欧州委員会動向、EU域内産業・サービス・政策をウオッチ

2021/9/6

EU情報

ユーロ圏の物価上昇が加速、8月は10年ぶり高水準に

この記事の要約

EU統計局ユーロスタットが8月31日に発表したユーロ圏の同月のインフレ率(速報値)は前年同月比3.0%となり、前月の2.2%から大幅に拡大した。これは2008年10月以来、約10年ぶりの高水準で、欧州中央銀行(ECB)が […]

EU統計局ユーロスタットが8月31日に発表したユーロ圏の同月のインフレ率(速報値)は前年同月比3.0%となり、前月の2.2%から大幅に拡大した。これは2008年10月以来、約10年ぶりの高水準で、欧州中央銀行(ECB)が新たな目標として設定した2.0%を大きく上回った。(表参照)

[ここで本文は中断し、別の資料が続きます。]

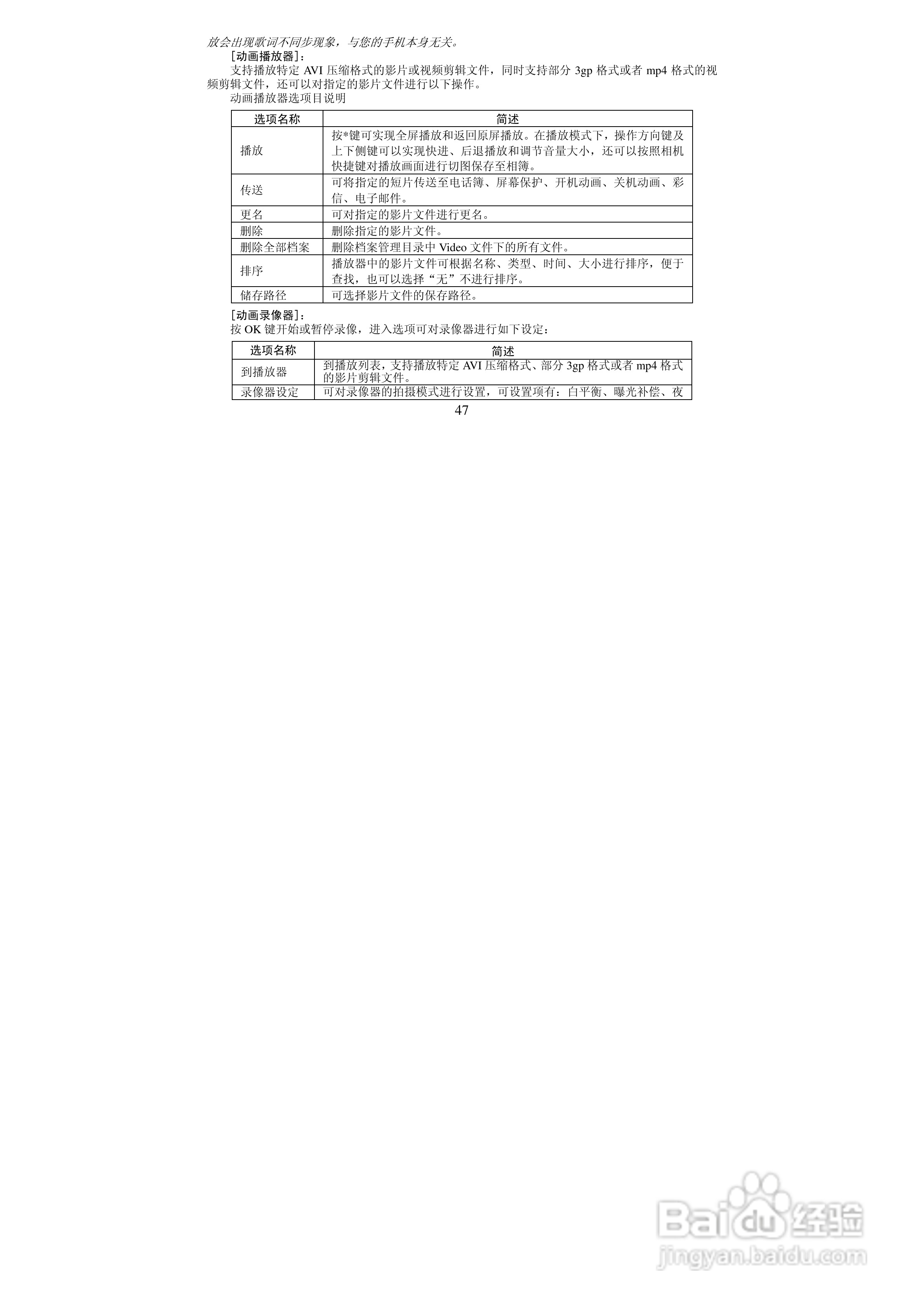 万利达MT118手机使用说明书:[5]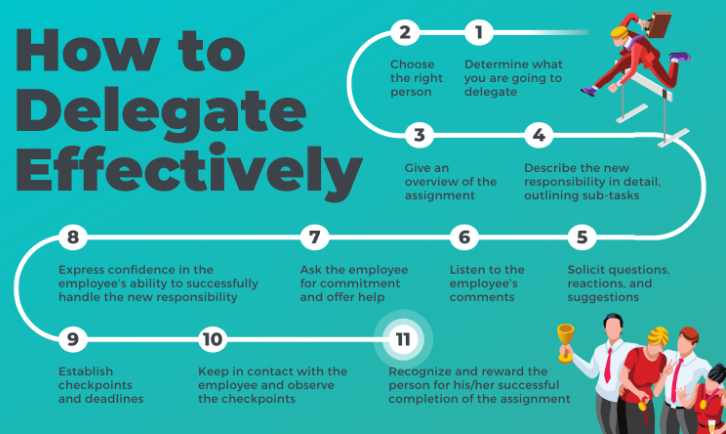 How To Delegate Efficiently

物価上昇は景気回復やエネルギーの急激な値上がりが主因。エネルギー価格の上昇率は前月を1.1ポイント上回る15.4%で、8月としては過去最高となった。また、工業製品が0.7%から2.7%に急拡大しており、サプライチェーンの混乱による半導体など生産資材の不足も物価を押し上げたとみられる。

主要国のインフレ率は、ドイツが13年ぶりの高水準となる3.4%。フランスは2.4%、イタリアは2.6%、スペインは3.3%だった。ECBの目標である2%を下回ったのはギリシャ、ポルトガル、フィンランド、マルタの4カ国にとどまった。

ECBは7月に金融政策の戦略見直しを発表し、インフレ率の目標を従来の「2%未満でそれに近い水準」から「2%」に引き上げた。物価の一時的な上振れを容認することで大規模な金融緩和を継続し、コロナ禍で打撃を受けたユーロ圏経済の回復を後押しする狙いがある。

ユーロ圏ではコロナ禍に伴う消費の停滞などで、20年8月からインフレ率がマイナスとなっていたが、1月にプラスに転じ、その後は急ピッチで上昇している。これまでECBは物価の急上昇について、低迷していた原油価格の上昇やドイツの付加価値税(VAT)減税が12月に終了するといった一時的要因が大きいという見解を示していた。市場でも今後数カ月は上昇が続くものの、長期的には縮小に転じるとの見方が多い。

ただ、8月はECBが金融政策で重視する基礎インフレ率(価格変動が激しいエネルギー、食品・アルコール・たばこを除いたインフレ率)も1.6%と、前月の0.7%を大きく上回った。このため、国債などを買い取る量的緩和の縮小を含む金融政策正常化に向けた動きを早めざるを得ないとの見方も出ており、ECBが9月9日に開く次回の定例政策理事会でどのような対応を示すかに注目が集まっている。